After a six-day trial, U.S. District Court Judge Ronald B. Leighton found that Witt's sexual orientation had not negatively impacted her unit's morale or cohesion as the military had argued.
That is from Carlos Santoscov's "DADT Discharge Of Air Force Major Margaret Witt" (On Top Magazine). We needed some good news. And certainly Witt needed it. You have to wonder about people like Margaret Witt.
She could have 'moved on,' she could have hidden away, she could have done so many things and not stood up and fought back. It would have all been so much easier and there was never, ever a guarantee that she would win. She could have fought and fought in vain.
So you have to wonder because there are so many people who, for various reasons, would have just given up.

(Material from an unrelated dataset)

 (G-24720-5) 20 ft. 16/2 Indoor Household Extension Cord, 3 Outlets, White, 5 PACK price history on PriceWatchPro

For any number of reasons, I'm sure.
But one reason someone might give up could be that they just didn't think there was any chance they'd ever triumph. Margaret Witt's demonstrated just how possible winning is. Even when it looks like a long shot.
Lisa Keen (Bay Area Reporter) notes this is one of two recent victories:
For the second time this month, a federal judge has ruled "Don't Ask, Don't Tell" violates the federal Constitution.
The latest ruling came Friday from the U.S. District Court for Western Washington, in Tacoma, where Judge Ronald Leighton said Air Force Reserve nurse Margaret Witt's sexual orientation did not negatively impact her unit's morale or unit cohesion. He said Witt's discharge under DADT)violated her Fifth Amendment right to due process.
On September 9, U.S. District Court Judge Virginia Phillips ruled, in Log Cabin Republicans v. U.S., that DADT violated both First and Fifth Amendment rights of gay servicemembers.